I used spring-XD for data ingestion for a while until I had to move to a different distribution of Hadoop which didn't come with XD installed. I started using Flume and while XD makes life much simpler by giving the ability to define stream and tap in one line, Flume does need at the min a conf file with 3 things (source, channel and sink defined), but has more bells.
Data Ingestion and Monitoring
Let's start off with a very simple way of getting data across (in a terminal), with out being in Hadoop ecosystem for a min
$ cp /src/path/file /dest/path/file
There is a source file (source), there is destination (sink) and the means of getting the file across (channel) is the file-system itself
$ tail -F /log/file >> /mydir/logfile
Continuous, real time data fetching of a log file using tail - simple enough.
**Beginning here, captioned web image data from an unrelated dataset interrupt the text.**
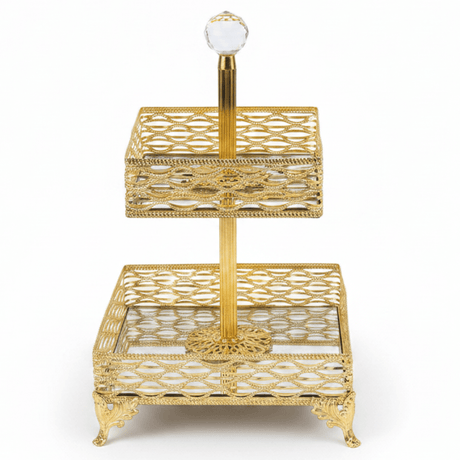 Zeyve 2 - Tier Square Glass Fruit Stand with Gold Metal Frame – Elegant Serving Tray for Fruits, Desserts & Pastries – 14 × 18 × 30 cm - Al Kabayel Discount CentreZeyve 2 - Tier Square Glass Fruit Stand with Gold Metal Frame – Elegant Serving Tray for Fruits, Desserts & Pastries – 14 × 18 × 30 cmServing TraysZEYVEAl Kabayel Discount Centre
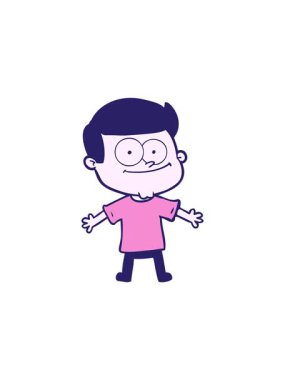 Çizgi filmdeki mutlu adamın satış animasyonu.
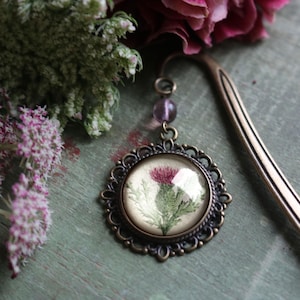 Scottish Thistle Flower Glass Cabochon Brass Book Hook / Bookmark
Lets write a small utility which alerts (from sending you an SMS to emailing you, the alert can be anything), lets just print it as alter if there is error found in the log.
tail -F /path/to/log/latest.log | python errormonitor.py
line = sys.stdin.readline()
if "error" in line.lower():
print "Alert!, Error Found"
Getting started with Flume
If we were to extend the python script to support various sources, channels and sinks it's going to be more than 10 lines. If the script has to guarantee every line is from source to sink is reached, in a distributed system, the number of lines grows exponentially - Enter Flume.
Below are the sources, channels and sinks supported in Flume (version 126.96.36.199.2.4.2-2)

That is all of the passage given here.